Parvaaz on working on their new album, playing live gigs and Bollywood
It’s a fascinating sight to see close to 50 people standing shoulder-to-shoulder, singing along to Kashmiri rock songs in a pub in Mumbai. But anyone who has ever attended a Parvaaz concert can attest to the fact that the band can captivate an audience like no other Indian band.
“Last year this time, we were in Varanasi,” says vocalist Khalid Ahmed. “It feels really good to play in different parts [of the country]. Every musician wants to spread his music, but there aren’t many mediums apart from YouTube or TV to publish it. So the only way to grow is to play live music everywhere.”
In Mumbai to record their second full-length studio album, Parvaaz was formed in 2011 in Bangalore, when Ahmed and Kashif Iqbal (guitar) were joined by Fidel D’souza (bass) and Sachin Banandur (drums) to complete the band, leading to their debut EP Behosh in 2012. They followed it up with their first studio album Baran in 2014, which was met with widespread critical acclaim.
The band spent over two weeks recording at the Yash Raj Studio in Mumbai, often working late hours – snippets of which can be found on their Instagram stories. “You can probably call it our first proper studio album,” quips Banandur. “We’ve always been in smaller spaces, so it’s out of our comfort zone,” adding that they have never recorded outside Bangalore. “It was a really good experience equipment-wise, as well as working environment-wise,” adds Ahmed.

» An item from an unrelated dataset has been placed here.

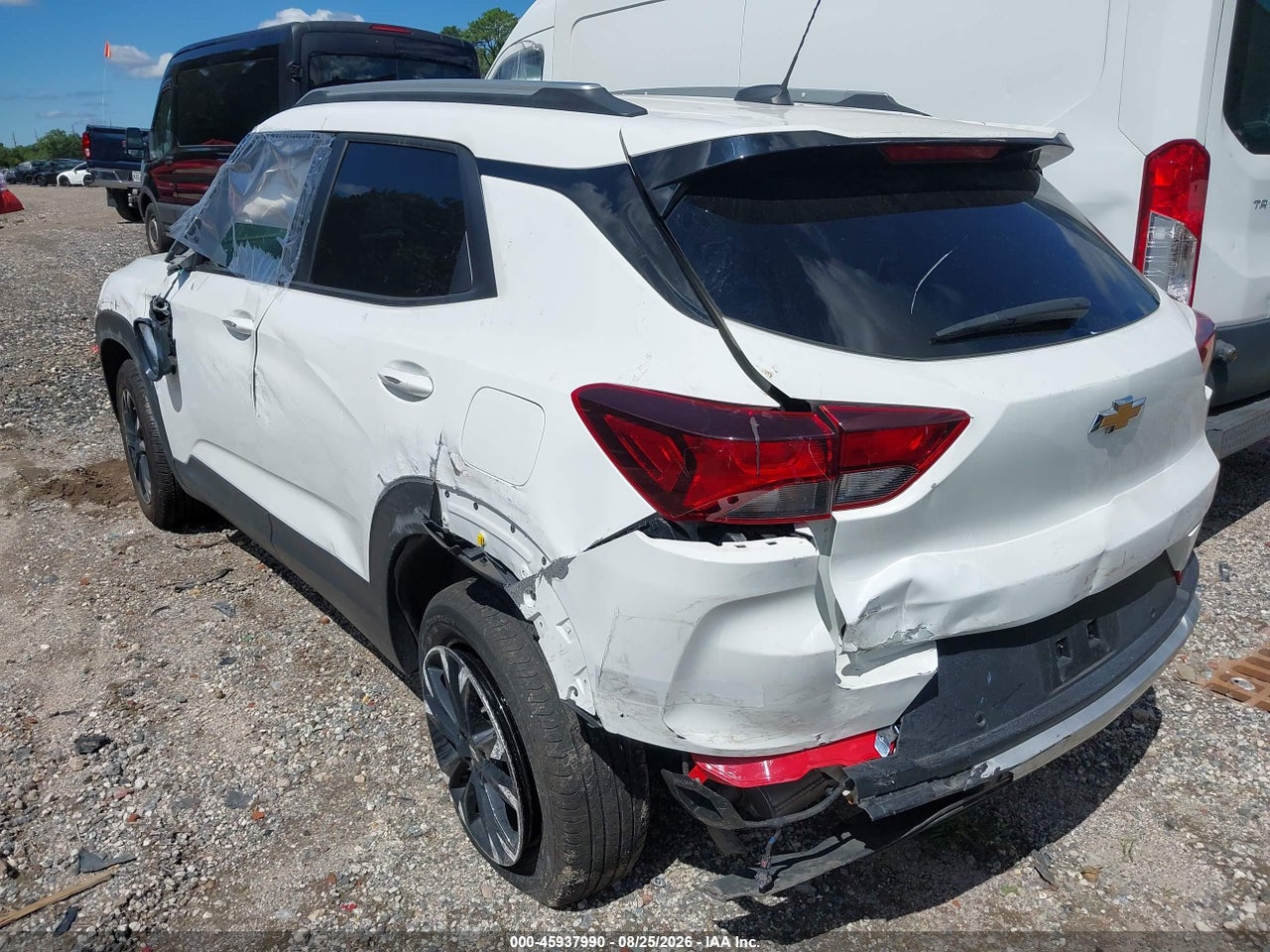 2023 CHEVROLET TRAILBLAZER AWD LT · 3/5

Scheduled to release in last quarter of this year, Parvaaz’s new album will be having eight songs, which might seem less at first. But people acquainted with their previous works will be quick to point out that their songs are often beyond the standard runtime – ‘Baran’ runs just over 13 minutes.

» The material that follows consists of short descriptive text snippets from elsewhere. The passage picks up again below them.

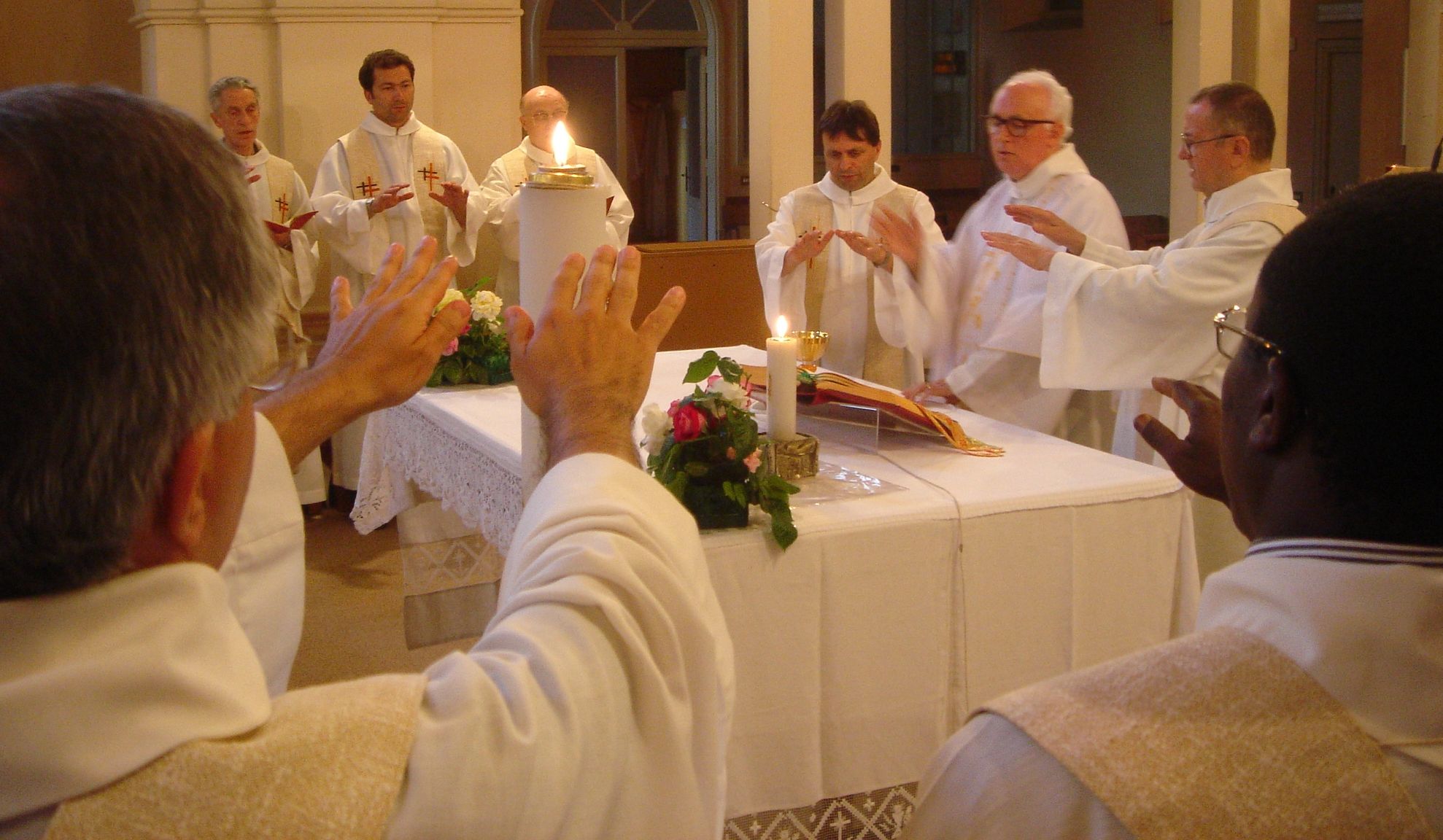 Biserica Anglicană acceptă femeile pentru funcția de episcop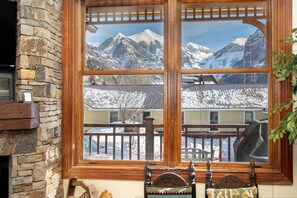 3 bedrooms, individually decorated, individually furnished, free WiFi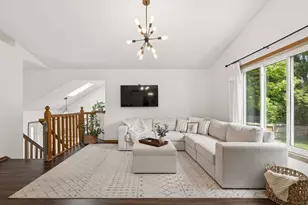 4876 Erickson Dr, New Hope, MN 55428 - Photo 8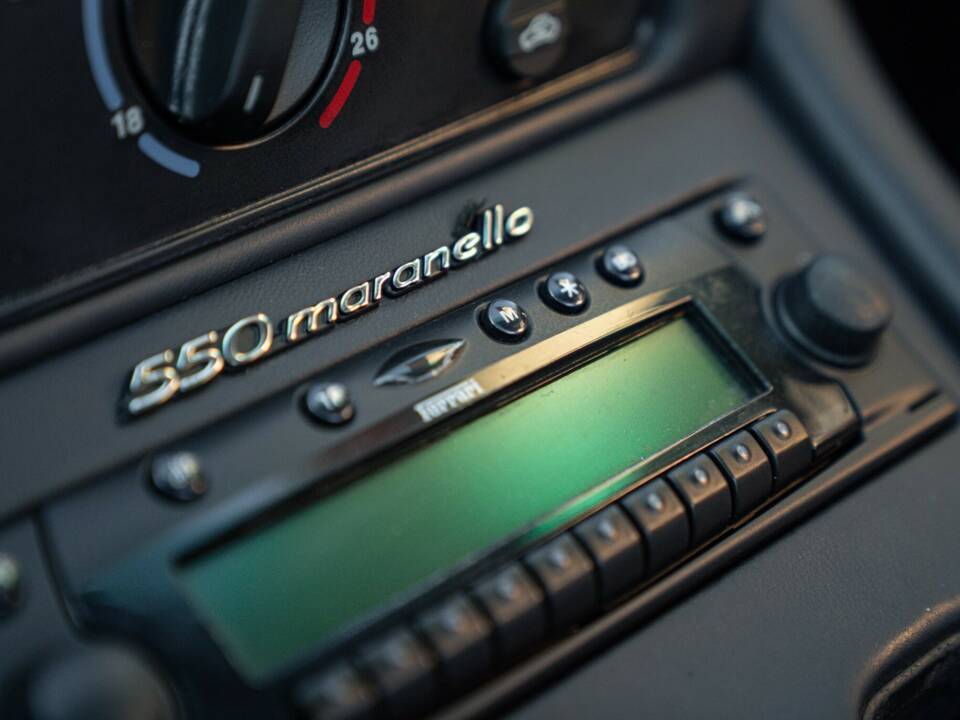 Bild 48/50 von Ferrari 550 Maranello (2001)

Amongst these eight songs, one was initially composed back in 2009 but never made it to Behosh or Baran. “We’ve added a few parts to that, and have been experimenting with them in the studio,” said Ahmed. “It’s probably going to be a fresher blend of all things that the band is actively trying to put together,” adds D’souza.
But how does Parvaaz produce such ingenious songs? “For some songs, Khalid has a melody in his head and we would come to a jam room and we’d build up on that,” says Banandur, as the other members nodded in agreement. “The other process, which is longer, is that we come into the jam room and jam for hours together. We have a small tape recorder where we record the whole thing. These sessions last about three hours, after which we go back home and listen to it.”
“We figure out which parts work, which don’t. You find something interesting, you come back the next day and build up on that. We usually focus on our individual parts,” says D’souza.
Ahmed also usually makes a vocal melody first, while making the tune of the entire song. Lyrics usually come in the latter part, which often includes a personal story or an experience, according to D’souza.
“For this album, we did pre-production, we recorded rough demos. We saw the bars and the sections of songs, and then we came here. We had a clearer idea of the album once we came and worked in the studio. Sometimes, Shantanu (Hudlikar, sound engineer at the Yash Raj Studios) would give us some advice while mixing the tracks,” says Ahmed.
The band wanted to release a second album as soon as 2015. However, with busy schedules full of tours across the country, they never found the time to record new material. Thus came two singles – ‘Shaad’ and ‘Colour White’ in 2017, which would have been part of a new album.
“But we’re finally in a space to go to the studio and record new stuff. Management and everyone else gives you deadlines, but even for us, the idea of making a new album was always there, but now we feel is the right time to release a new album,” says Ahmed.
Choosing the eight songs also has an entire process for the quartet. “We let it season at the gigs – we played a lot of them live, and see how we felt about it. Sometimes, if we don’t like the song too much, we even chuck it. However, most of the new songs we haven’t performed live ever,” adds Ahmed.
That would explain the inclusion of two new songs at their Mumbai gig, one of which was ‘Shabaan’. The setlist for these gigs is always decided on the day of the gig. But sometimes, it might change at the last minute. “Some places, we get requests, which normally we wouldn’t play. Perhaps after this album, we’ll have a proper setlist which we’ll stick to,” says Banandur.
In their previous conversation with A Humming Heart, the band stated, “The Bollywood machine obviously exerts an influence over the average person’s listening.” Do they think it’s been that way for them after ‘Beparwah’ was released as a part of the soundtrack for KK Menon’s Vodka Diaries?
“It’s nice to have an experience where your music is in a movie. But until and unless you’re not making a thoroughly composed soundtrack for the film, it’s different. For Vodka Diaries, we just had to re-record a track which had already been released,” says Ahmed.
But would Parvaaz be open to making music for a Bollywood movie in the future? “If the subject of the movie really attracts us, why not?” says Ahmed.